DATA FOR THIS TASK:
>>>>>
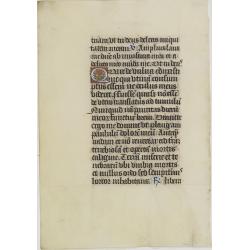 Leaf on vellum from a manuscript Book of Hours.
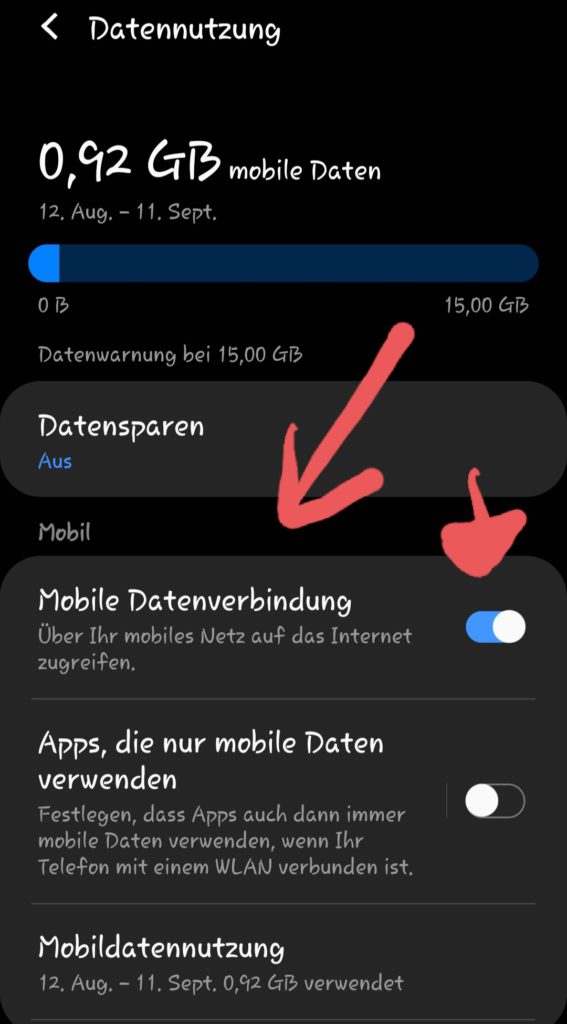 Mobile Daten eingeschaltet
<<<<<
>>>>>
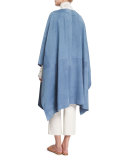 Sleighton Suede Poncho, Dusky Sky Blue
<<<<<
>>>>>
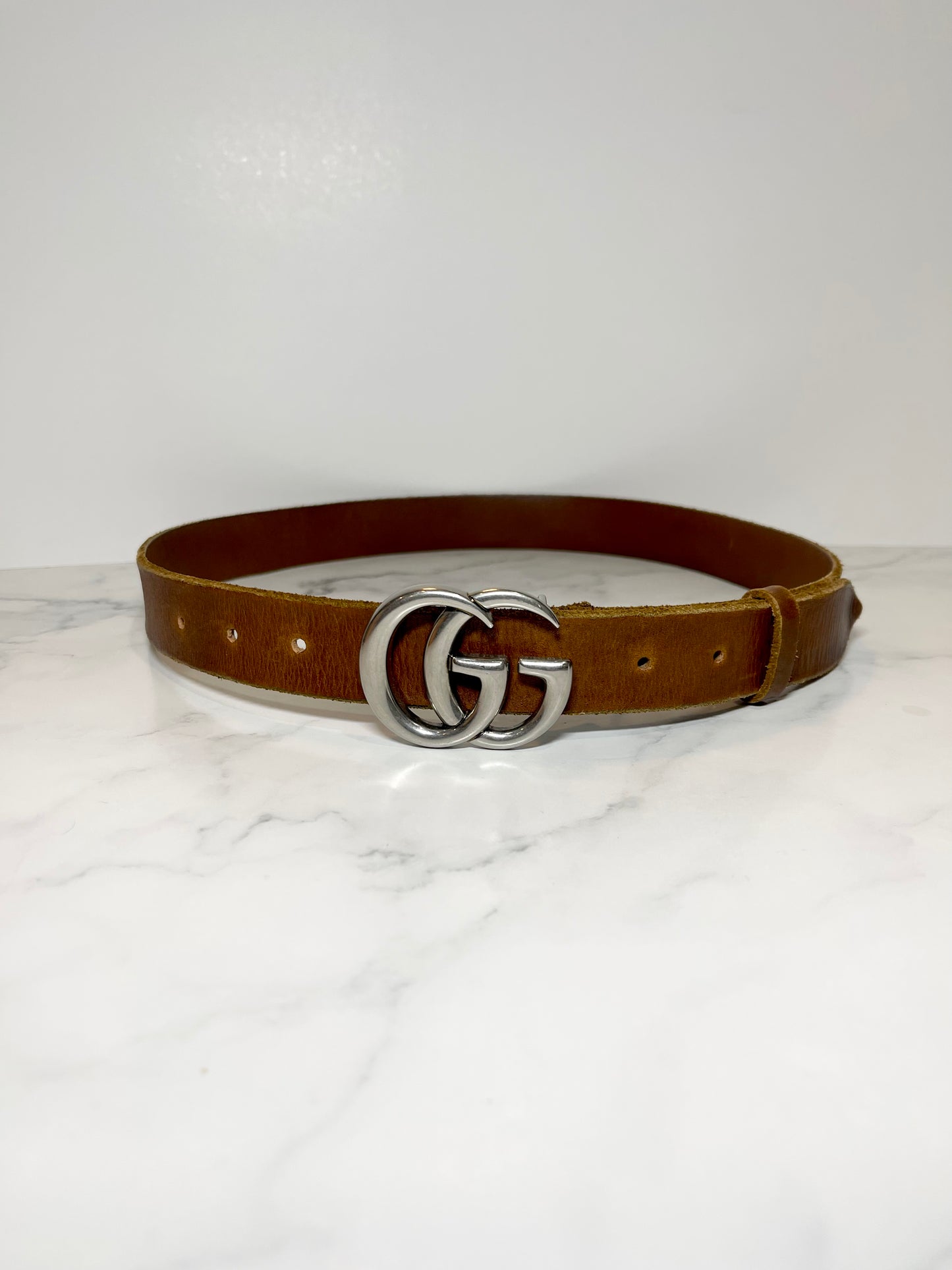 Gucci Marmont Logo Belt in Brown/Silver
<<<<<
PROBLEM DESCRIPTION:
In the listing above, find the line with "Leaf on vellum" and the line with "Mobile Daten eingeschaltet". Copy exactly those lines and all between them, minus the images.

ANSWER TO THE PROBLEM:
 Leaf on vellum from a manuscript Book of Hours.
 Mobile Daten eingeschaltet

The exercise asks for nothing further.